I have been stuck in The Walking Dead for some time now. Every time I am nearing the end of the series they keep adding more episodes, more spin offs, more post-apocalyptic distresses, more dead. I have got to the point where I am watching episodes in shifts. Getting it done. The Walking Dead has been going for 10 seasons, and each season has between 16 and 22 episodes. When I think back to all of the things that have happened to all of the characters on The Walking Dead, I feel a bit stressed. None of the characters seem to get a break, no small moment to themselves that is not filled with some new existential threat battering down the door. The undead aren't even the core antagonists to the main group of characters anymore. They are merely contextual in a shattered world full of broken humans who are perhaps only half dead, each group of which are trying to outdo each other in their ridiculousness.
When I am watching things other than The Walking Dead, I am still in some ways watching The Walking Dead. In pastoral scenes during other Netflix series I expect to see a decrepit walking corpse slowly lumbering out of the woods. In other like minded post-apocalyptic franchises I wait for the familiar characters to waltz onto the screen with their grizzled splendour and knowing glances. Anything set in the here-and-now I read as some type of prequel before the fall. There is no point trying to watch anything else other than The Walking Dead, because now all episodes of anything that I watch are within the universe of The Walking Dead. The undead are everywhere, so I just go back to watching The Walking Dead.

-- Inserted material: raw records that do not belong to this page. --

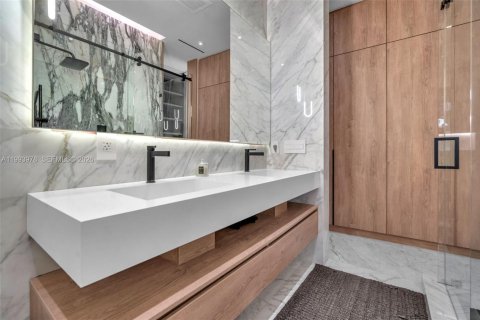 Villa ou maison à vendre à Miami, Floride: 4 chambres, 281.03 m2 № 2055699 - photo 25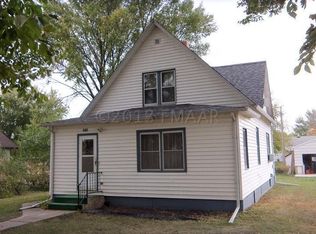 614 6th St SW, Forman, ND 58032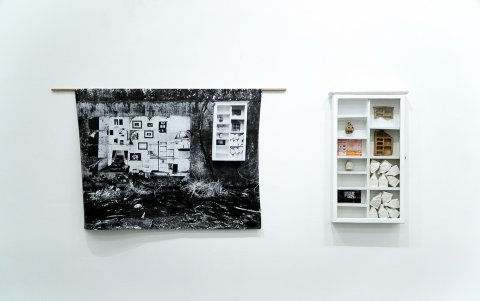 Las obras dialogan entre la cerámica, el textil, la instalación, el collage y la experimentación material.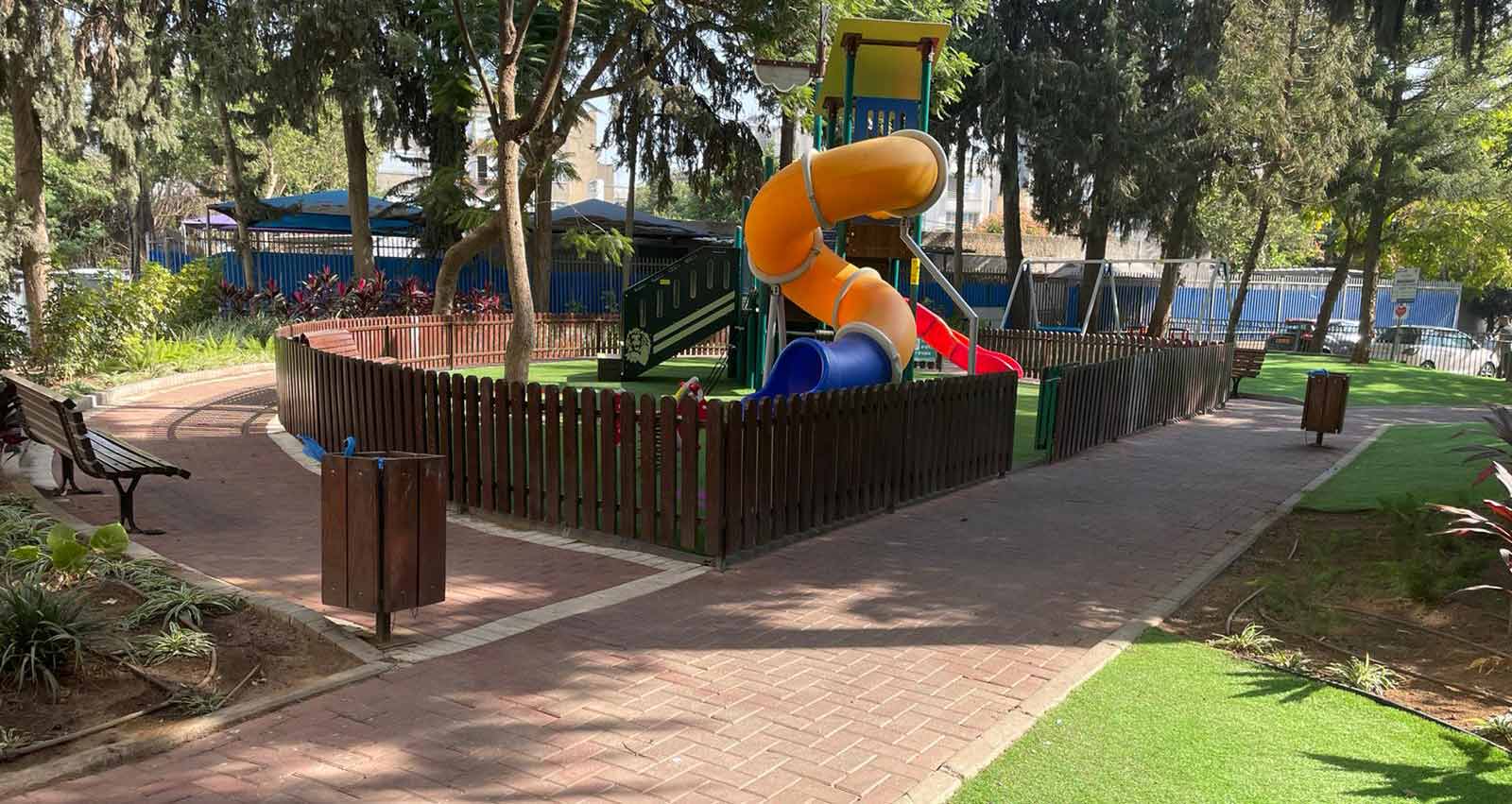 גינה ציבורית ברחוב הרצוג הרצליה.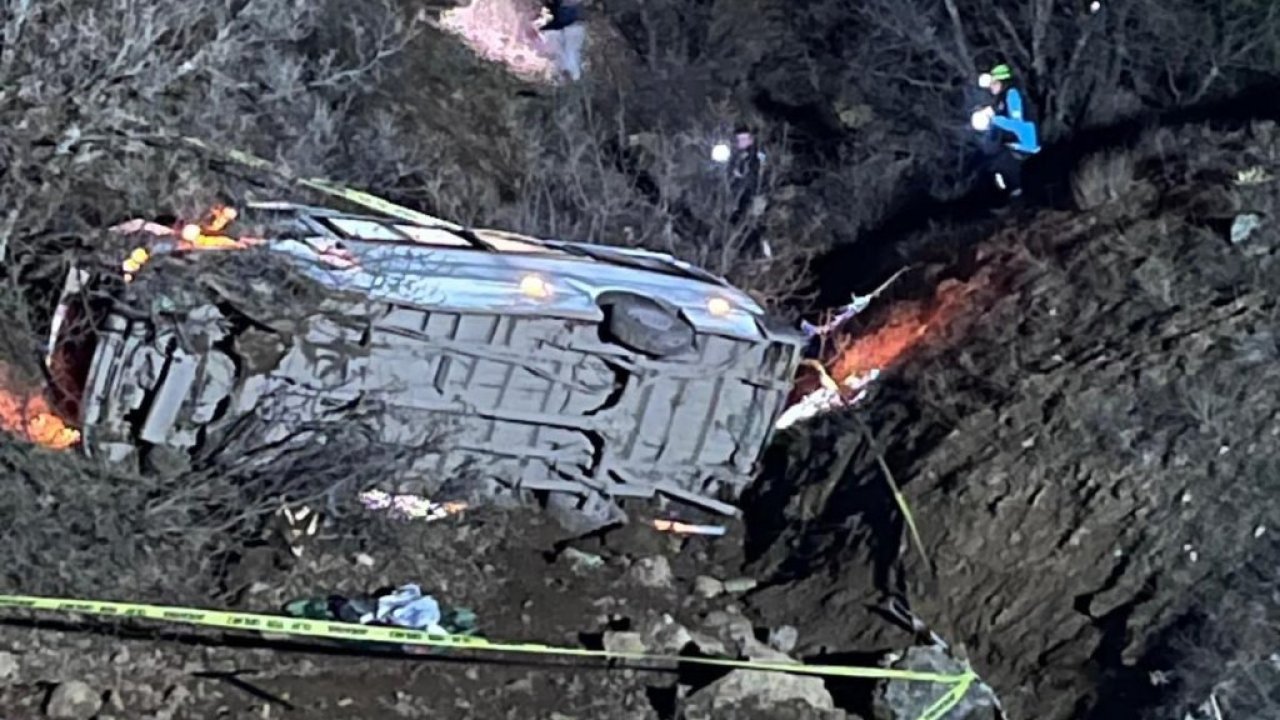 İşçi servisi yuvarlandı: 2 ölü, 10 yaralı!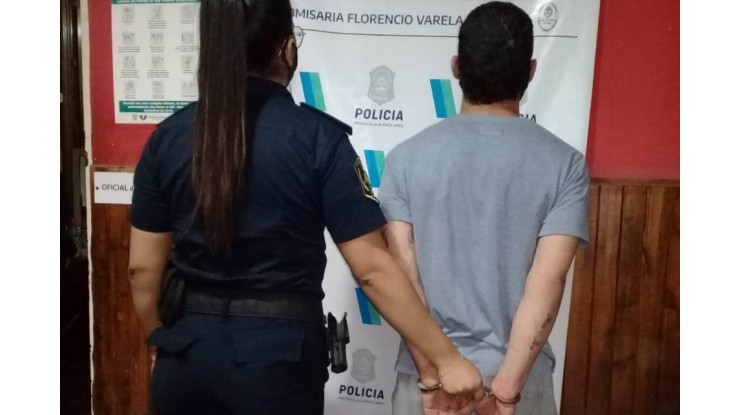 Amenazó con un cuchillo a su pareja, fue aprehendido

Fear the Walking Dead is a prequel to the main series. It is terrible and I am also watching it. Fear the Walking Dead is set in LA and is supposed to give some contextual information as to what happened at the beginning of the fall of the world, but instead the narrative focuses more on the dysfunctional nature of a fragmented suburban family and its transition to the new normal of a damned planet. Who knew that the end of the world could be so boring. I watch it anyway, as it is easier to watch a spin off of The Walking Dead than imagine that the walking dead will appear in all other episodes from all other series that I find myself watching.

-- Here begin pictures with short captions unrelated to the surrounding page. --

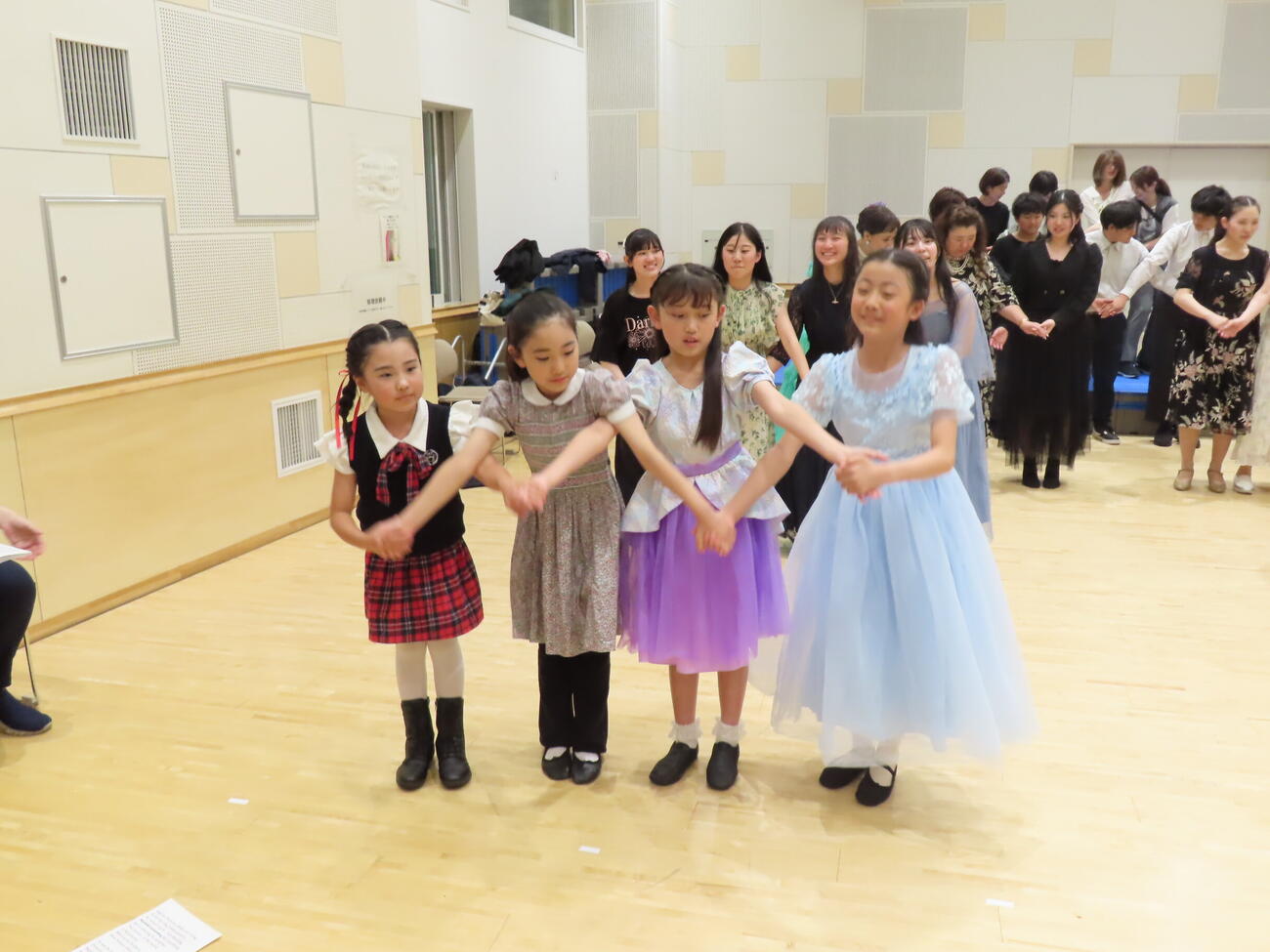 音楽劇「命のコンサート『赤毛のアン』」のアン役の少女たち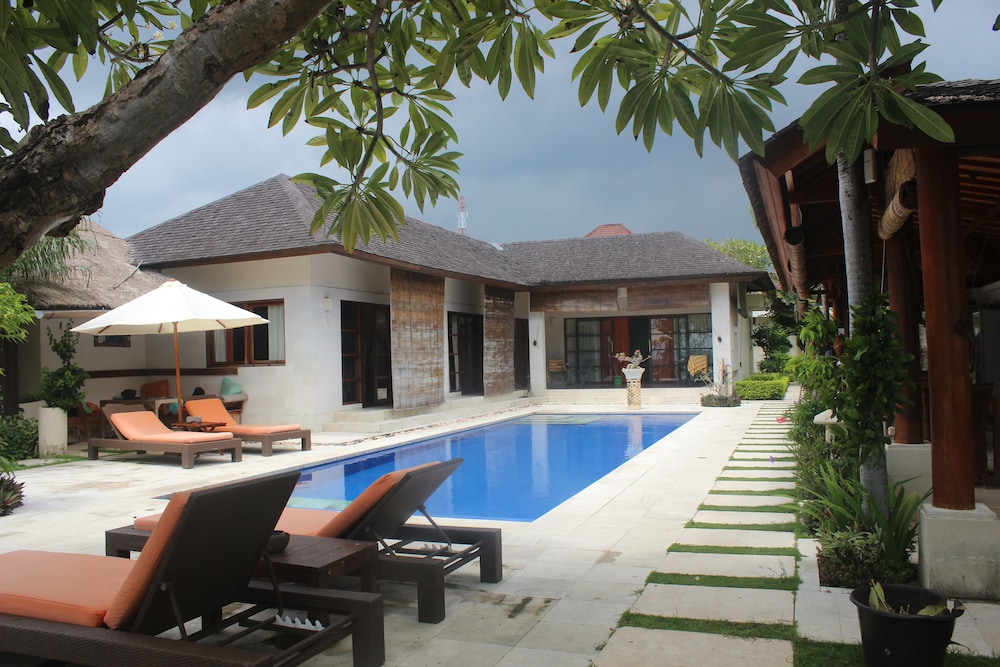 Frangipani Beach Villa 3/68
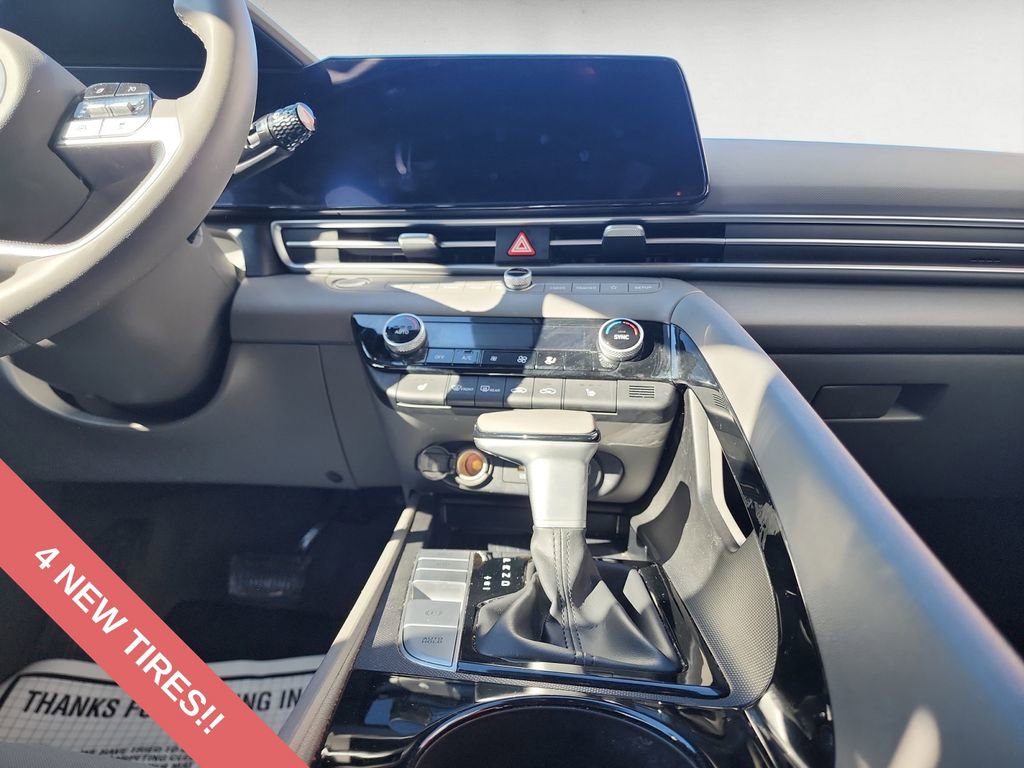 Used 2023 Hyundai Elantra SEL w/ Convenience Package image 11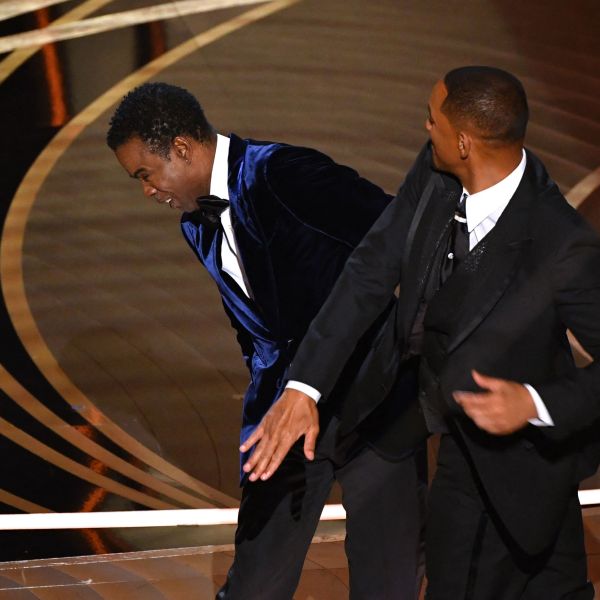 ComedyRiffs's tweet photo. In Chris Rock's defense, he did block it with his face. https://t.co/8ZCs92zDBM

The Walking Dead will soon end, as AMC has announced that season 11 will be the final season. Season 11 will contain 24 episodes, and you can bet that a significant portion of them will be over an hour in length. One full day of watching left, then. However, fans are assured that there will be multiple spin offs and sequels and film deals and other various investigations to deal with the fate of the myriad of characters that disappeared from the narrative arc of the main show. Like Nick Grimes. I want to know what happened to Nick. Where did he get taken in that helicopter? Will Michonne find him? And who were those guys in the storm trooper get ups? And how were their clothes so white?
Some days, I don’t know what the hell to think.

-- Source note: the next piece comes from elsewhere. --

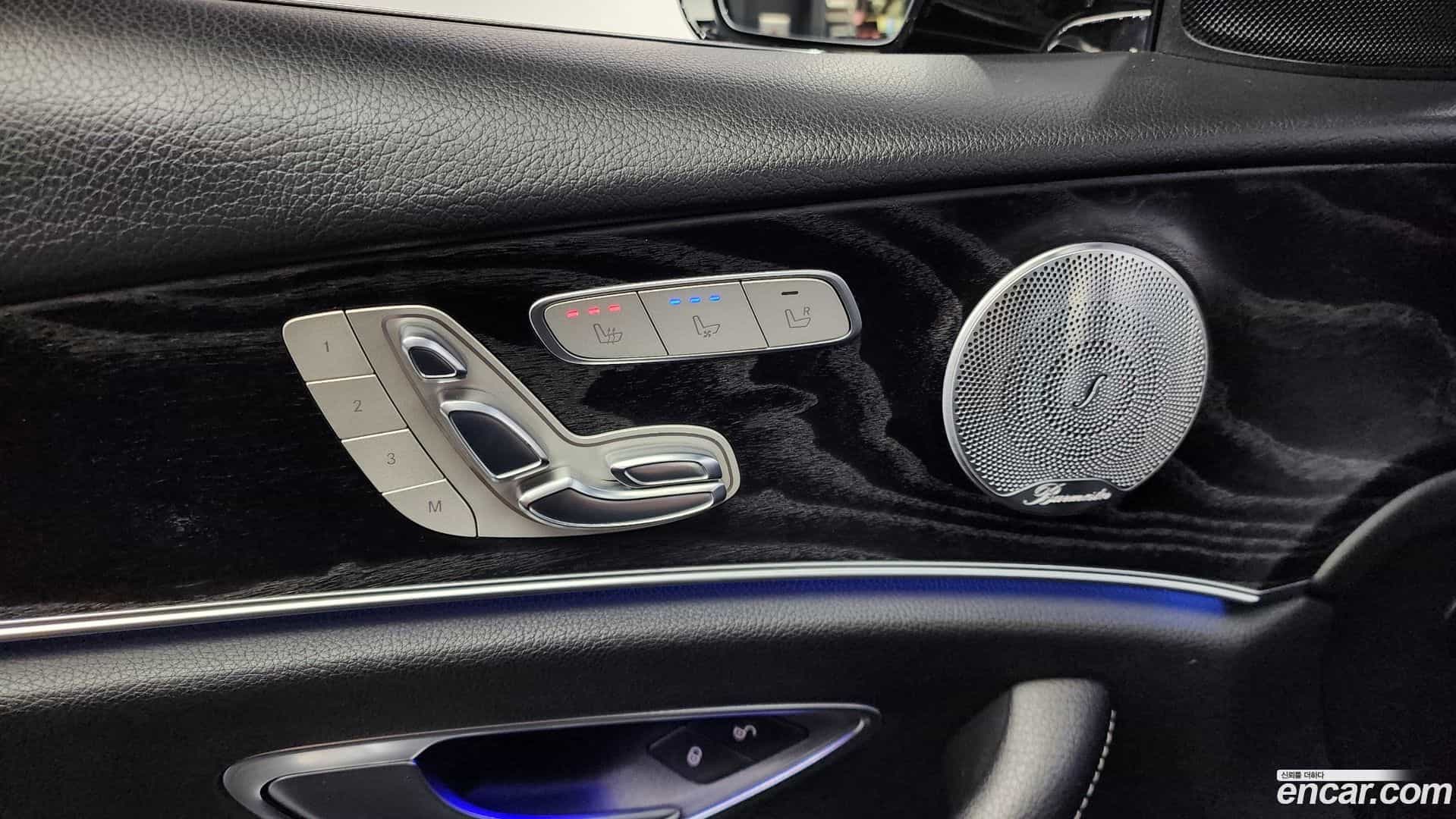 E-Class Mercedes-Benz 2017.8-OPTION-021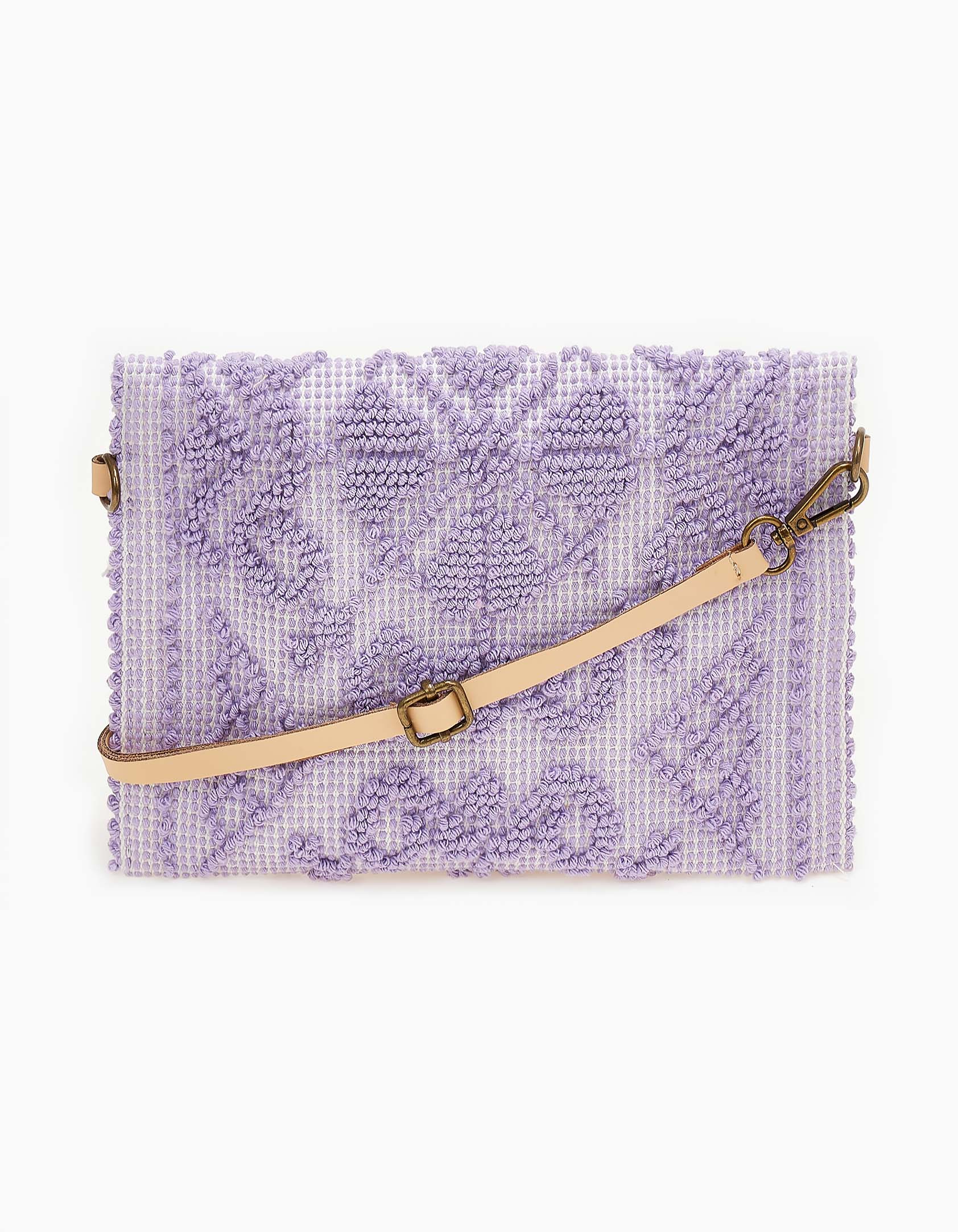 Χιαστί τσαντάκι με ανάγλυφες ραφές - Μωβ φωτογραφία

Daryl Dixon, The Walking Dead
One enormous black sky, one enormous pit of cancelled language, one enormous voice rasping out one final, incomprehensible sentence. And it was mid-day. It was very dark. There were no stars. I think the buildings were burning.
Sean Bonney
And nothing, where I arrive now, is shining.
Dante Alighieri
Black suns do not shine, they absorb light. Pull in, beckon towards the enormous misanthropic pit of cancelled time, cancelled language, rasping voices, walls of sound.
Black suns do not spin, they roll. Tumble sideways and inward and fold over themselves in a thick morass of gloopy time.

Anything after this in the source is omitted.